What drew me into the shop was the display in the front window: a whole bunch of knives, tin-toy robots and nautical-style barometres arranged on a coffee table built out of a V8 Motor, surrounded by telesopes and old motor oil posters. (Vickers Vimmies flying in formation with the caption "Modern Aviators use Shell Aviation Fuel"). The shop is called Blokey Stuff.
How can a bloke resist?
The V8 coffee table had a large sheet of glass balanced on the point here the carby goes, with the air filter bolted to the manifold through the glass. I thought "Yeah, I could go for that." The tin-toy robots were great! Their boxes showed giant robots with laser eyes and frightened people rinning away, but the toys were a 12" high things made of pressed aluminium and painted it bright colours, with random numbers pained on the front or the word "Robot" in case you were in any doubt that it was, indeed, a robot despite the lack of laser eyes (they were red circles painted on the head). The toys a operated by spring motors - some has keys, some had little crank handles poking out the side.
*manic laughter* "My robot is finished!

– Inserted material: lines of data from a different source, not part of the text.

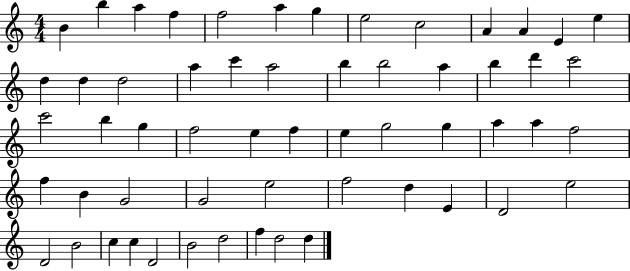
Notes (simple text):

B4/q B5/q A5/q F5/q F5/h A5/q G5/q E5/h C5/h A4/q A4/q E4/q E5/q D5/q D5/q D5/h A5/q C6/q A5/h B5/q B5/h A5/q B5/q D6/q C6/h C6/h B5/q G5/q F5/h E5/q F5/q E5/q G5/h G5/q A5/q A5/q F5/h F5/q B4/q G4/h G4/h E5/h F5/h D5/q E4/q D4/h E5/h D4/h B4/h C5/q C5/q D4/h B4/h D5/h F5/q D5/h D5/q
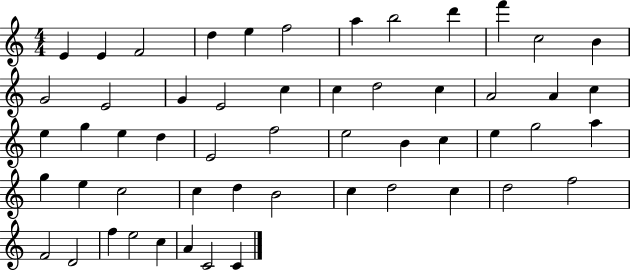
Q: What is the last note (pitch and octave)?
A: C4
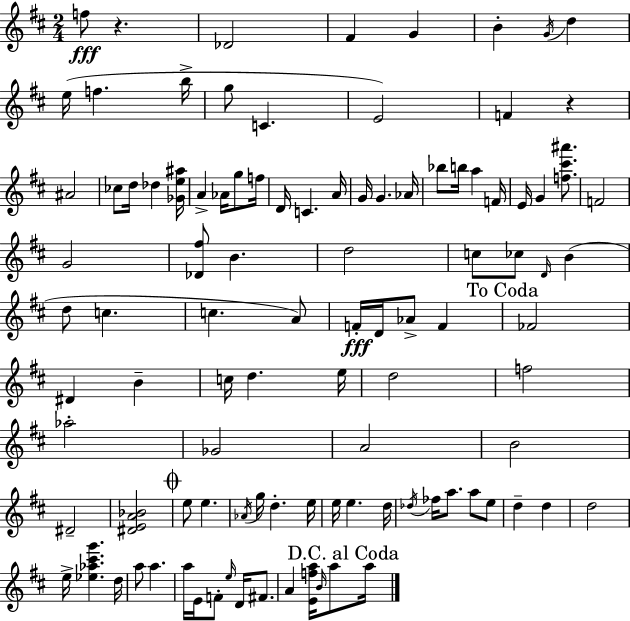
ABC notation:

X:1
T:Untitled
M:2/4
L:1/4
K:D
f/2 z _D2 ^F G B G/4 d e/4 f b/4 g/2 C E2 F z ^A2 _c/2 d/4 _d [_Ge^a]/4 A _A/4 g/2 f/4 D/4 C A/4 G/4 G _A/4 _b/2 b/4 a F/4 E/4 G [f^c'^a']/2 F2 G2 [_D^f]/2 B d2 c/2 _c/2 D/4 B d/2 c c A/2 F/4 D/4 _A/2 F _F2 ^D B c/4 d e/4 d2 f2 _a2 _G2 A2 B2 ^D2 [^DEA_B]2 e/2 e _A/4 g/4 d e/4 e/4 e d/4 _d/4 _f/4 a/2 a/2 e/2 d d d2 e/4 [_e_a^c'g'] d/4 a/2 a a/4 E/4 F/2 e/4 D/4 ^F/2 A [Efa]/4 B/4 a/2 a/4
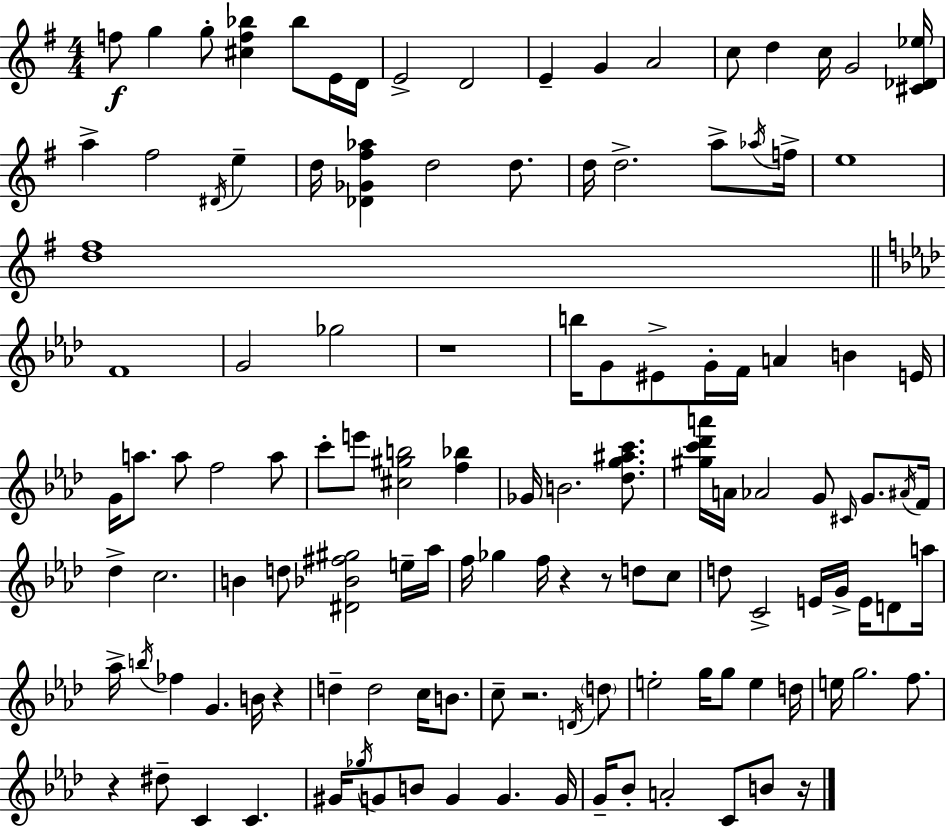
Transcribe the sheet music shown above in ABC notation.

X:1
T:Untitled
M:4/4
L:1/4
K:G
f/2 g g/2 [^cf_b] _b/2 E/4 D/4 E2 D2 E G A2 c/2 d c/4 G2 [^C_D_e]/4 a ^f2 ^D/4 e d/4 [_D_G^f_a] d2 d/2 d/4 d2 a/2 _a/4 f/4 e4 [d^f]4 F4 G2 _g2 z4 b/4 G/2 ^E/2 G/4 F/4 A B E/4 G/4 a/2 a/2 f2 a/2 c'/2 e'/2 [^c^gb]2 [f_b] _G/4 B2 [_dg^ac']/2 [^gc'_d'a']/4 A/4 _A2 G/2 ^C/4 G/2 ^A/4 F/4 _d c2 B d/2 [^D_B^f^g]2 e/4 _a/4 f/4 _g f/4 z z/2 d/2 c/2 d/2 C2 E/4 G/4 E/4 D/2 a/4 _a/4 b/4 _f G B/4 z d d2 c/4 B/2 c/2 z2 D/4 d/2 e2 g/4 g/2 e d/4 e/4 g2 f/2 z ^d/2 C C ^G/4 _g/4 G/2 B/2 G G G/4 G/4 _B/2 A2 C/2 B/2 z/4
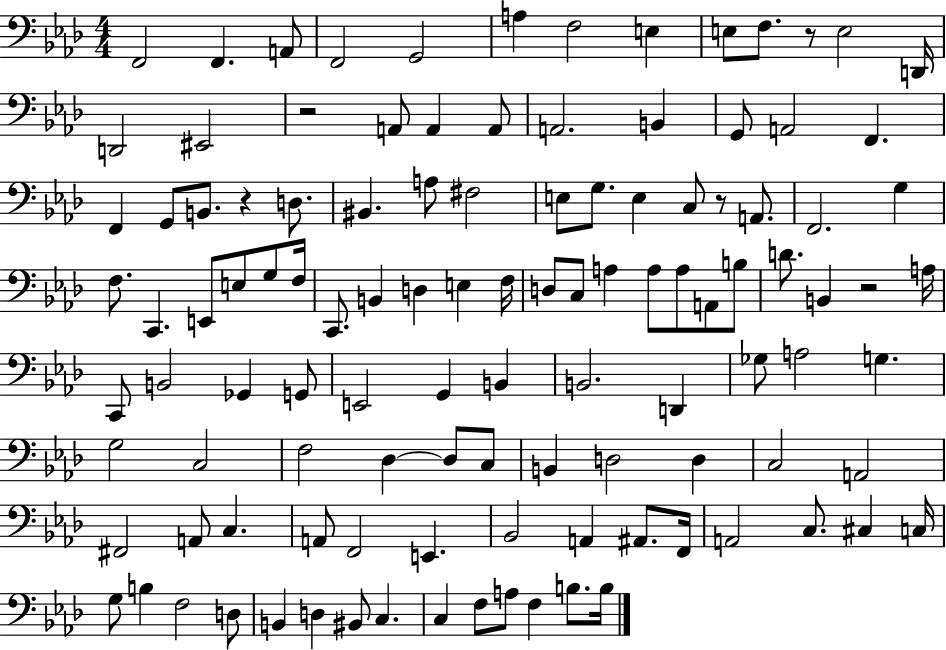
X:1
T:Untitled
M:4/4
L:1/4
K:Ab
F,,2 F,, A,,/2 F,,2 G,,2 A, F,2 E, E,/2 F,/2 z/2 E,2 D,,/4 D,,2 ^E,,2 z2 A,,/2 A,, A,,/2 A,,2 B,, G,,/2 A,,2 F,, F,, G,,/2 B,,/2 z D,/2 ^B,, A,/2 ^F,2 E,/2 G,/2 E, C,/2 z/2 A,,/2 F,,2 G, F,/2 C,, E,,/2 E,/2 G,/2 F,/4 C,,/2 B,, D, E, F,/4 D,/2 C,/2 A, A,/2 A,/2 A,,/2 B,/2 D/2 B,, z2 A,/4 C,,/2 B,,2 _G,, G,,/2 E,,2 G,, B,, B,,2 D,, _G,/2 A,2 G, G,2 C,2 F,2 _D, _D,/2 C,/2 B,, D,2 D, C,2 A,,2 ^F,,2 A,,/2 C, A,,/2 F,,2 E,, _B,,2 A,, ^A,,/2 F,,/4 A,,2 C,/2 ^C, C,/4 G,/2 B, F,2 D,/2 B,, D, ^B,,/2 C, C, F,/2 A,/2 F, B,/2 B,/4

Now to rule the world! IGOR! Help me start it!" Crank chugga chugga chug cough Crank chugga chugga chug cough Crank chugga chugga chug chug chug BANG ChugChugChugChugChugChugChugChug *manic laugher*
Well that's how I took over the world in the mid 60s. I was 5 so give me a break.
Other tin-toys were little wind up cars that ran around a pressed aluminium track, or trains that operated roller coaster style by being dragged up a steep slope and rolling down a long slope with lots of curves.
The shop had other things, too: die-cast classic cars (Porsche, Ferrari, Corvet) fossils (cool ones, like fish and trilobites), night vision goggles, ball bearing puzzles, combined thermometer/hydrometers, old-style star charts with the constellations drawn in, glow in the dark stuff, sharp things, brass things, light bending things, and lots of STUFF that simply kicked the bloke gene. My wallet whimpered as soon as I walked in.
I am not cruel to the helpless so I ended up buying nothing, but it was very hard. The bloke gene was saying "Wuss! Blouse!" as I left the shop.
I'll be better prepared for my next trip to Parra. Blokey Stuff awaits.